Servicing debt includes the interest and principal payments on loans, but also on sovereign bonds. They are issued to raise public funds and repay prior loans. As 18 African countries signed up for the DSSI in April 2020, many of them experienced a loss of confidence in their markets. At the same time, Fitch Ratings downgraded seven out of the 19 rated sovereign states in Sub-Saharan Africa.
“Rating agencies have become discouragers-in-chief and […] very dogmatic. They are saying, if you go on the path of even considering reprofiling or restructuring your debt, we’ll downgrade your ratings. These are the same agencies who were giving AAA ratings right before the global financial crisis [in 2008]. They haven’t really modified or understood the realities on the ground,” Zemedeneh Negatu, global chairman of the Fairfax Research institute, said at a Chatham House conference.
Default and restructuring
With the DSSI extended until the end of 2021, questions around possible defaults on the continent remain.
According to the IMF’s ‘Regional Economic Outlook for Sub-Saharan Africa’, “non-resource dependent countries are forecast to see average per capita incomes rise by 21.6% by 2025. Oil exporters, which are some of the more populous countries in the region, will have no gains in per capita income over this period.”
So far, Zambia is the only country to have defaulted on its bond (Eurobond).
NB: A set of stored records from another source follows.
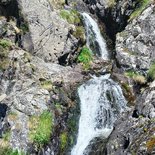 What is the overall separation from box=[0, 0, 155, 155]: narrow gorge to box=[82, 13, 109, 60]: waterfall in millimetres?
100

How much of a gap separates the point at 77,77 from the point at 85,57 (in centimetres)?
516

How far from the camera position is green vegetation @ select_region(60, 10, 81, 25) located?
37406 millimetres

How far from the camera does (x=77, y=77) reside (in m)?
31.3

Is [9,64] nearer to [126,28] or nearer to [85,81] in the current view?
[85,81]

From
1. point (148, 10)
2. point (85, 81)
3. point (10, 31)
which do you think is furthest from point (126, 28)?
point (10, 31)

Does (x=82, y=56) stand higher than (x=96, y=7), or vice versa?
(x=96, y=7)

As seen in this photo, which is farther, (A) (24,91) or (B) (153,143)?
(A) (24,91)

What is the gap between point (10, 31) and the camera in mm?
32406

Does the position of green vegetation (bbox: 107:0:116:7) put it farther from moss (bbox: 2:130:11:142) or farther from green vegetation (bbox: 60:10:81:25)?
moss (bbox: 2:130:11:142)

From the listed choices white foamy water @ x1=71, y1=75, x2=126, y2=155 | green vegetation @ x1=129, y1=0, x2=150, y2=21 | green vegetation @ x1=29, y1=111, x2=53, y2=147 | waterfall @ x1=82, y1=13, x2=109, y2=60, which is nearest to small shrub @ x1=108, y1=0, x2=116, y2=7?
waterfall @ x1=82, y1=13, x2=109, y2=60

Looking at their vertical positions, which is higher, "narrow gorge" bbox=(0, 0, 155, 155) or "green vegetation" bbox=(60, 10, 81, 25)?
"green vegetation" bbox=(60, 10, 81, 25)

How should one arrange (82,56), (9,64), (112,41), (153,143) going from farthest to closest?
(112,41)
(82,56)
(9,64)
(153,143)

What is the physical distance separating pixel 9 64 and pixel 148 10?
49.8 feet

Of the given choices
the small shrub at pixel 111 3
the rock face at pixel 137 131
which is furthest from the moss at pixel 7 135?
the small shrub at pixel 111 3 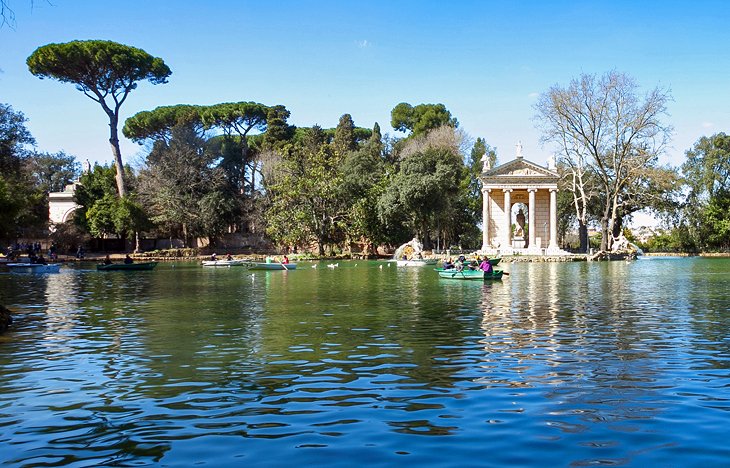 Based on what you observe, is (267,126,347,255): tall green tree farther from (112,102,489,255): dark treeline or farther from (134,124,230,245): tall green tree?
(134,124,230,245): tall green tree

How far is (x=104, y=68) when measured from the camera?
69812mm

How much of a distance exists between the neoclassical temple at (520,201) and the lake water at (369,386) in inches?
1940

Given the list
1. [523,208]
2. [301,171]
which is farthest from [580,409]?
[523,208]

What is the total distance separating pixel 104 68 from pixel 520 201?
4673 centimetres

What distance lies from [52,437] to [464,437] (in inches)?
184

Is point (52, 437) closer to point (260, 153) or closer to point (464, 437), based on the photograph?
point (464, 437)

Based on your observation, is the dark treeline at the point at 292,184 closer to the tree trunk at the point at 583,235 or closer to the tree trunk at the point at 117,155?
the tree trunk at the point at 117,155

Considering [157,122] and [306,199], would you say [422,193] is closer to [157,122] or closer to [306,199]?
[306,199]

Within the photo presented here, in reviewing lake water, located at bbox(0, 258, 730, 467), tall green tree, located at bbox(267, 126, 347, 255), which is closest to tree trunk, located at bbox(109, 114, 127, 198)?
tall green tree, located at bbox(267, 126, 347, 255)

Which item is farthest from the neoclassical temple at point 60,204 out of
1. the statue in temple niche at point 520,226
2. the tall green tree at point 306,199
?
the statue in temple niche at point 520,226

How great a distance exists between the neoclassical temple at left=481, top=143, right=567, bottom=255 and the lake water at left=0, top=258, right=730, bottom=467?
49265 mm

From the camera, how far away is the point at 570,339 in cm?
1438

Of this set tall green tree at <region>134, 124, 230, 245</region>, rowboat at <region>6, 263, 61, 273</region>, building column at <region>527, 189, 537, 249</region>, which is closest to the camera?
rowboat at <region>6, 263, 61, 273</region>

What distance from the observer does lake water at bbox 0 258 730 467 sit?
7.03 m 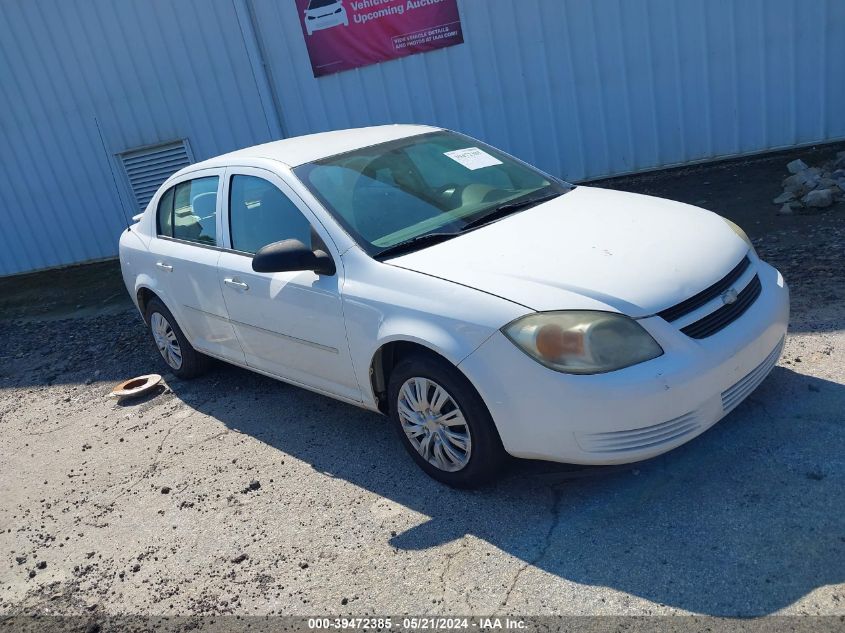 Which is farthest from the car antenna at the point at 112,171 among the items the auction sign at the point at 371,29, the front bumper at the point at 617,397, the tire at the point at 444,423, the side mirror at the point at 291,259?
the front bumper at the point at 617,397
Its economy – which relies on copper production – and its high debt to GDP ratio (94.5% in 2020) seem to confirm the IMF forecast.
However, restructuring through the DSSI might have other motivations. “This has nothing to do with Ethiopia’s repaying capabilities, we only have $1bn in bonds which we are servicing regularly. It is not an issue of bankruptcy or insolvency, it is an issue of gaining additional financing support – so restructuring – because that is at the heart of our [Homegrown Economic Agenda] reforms,” Eyob Tekalgn Tolina, Ethiopia’s state minister of finance, said at the Chatham House conference.
Though the absence of a clear China-Paris Club agreement might serve African countries benefiting from DSSI, “a two-track pandemic is leading to a two-track recovery”, says Kristalina Georgieva, IMF’s managing director.
What is needed is perhaps “a more conducive international architecture of sovereign debt, coupled with a shift in the governance system in Africa”, says Rabbah Arezki, the chief economist and vice president for the MENA region at the World Bank.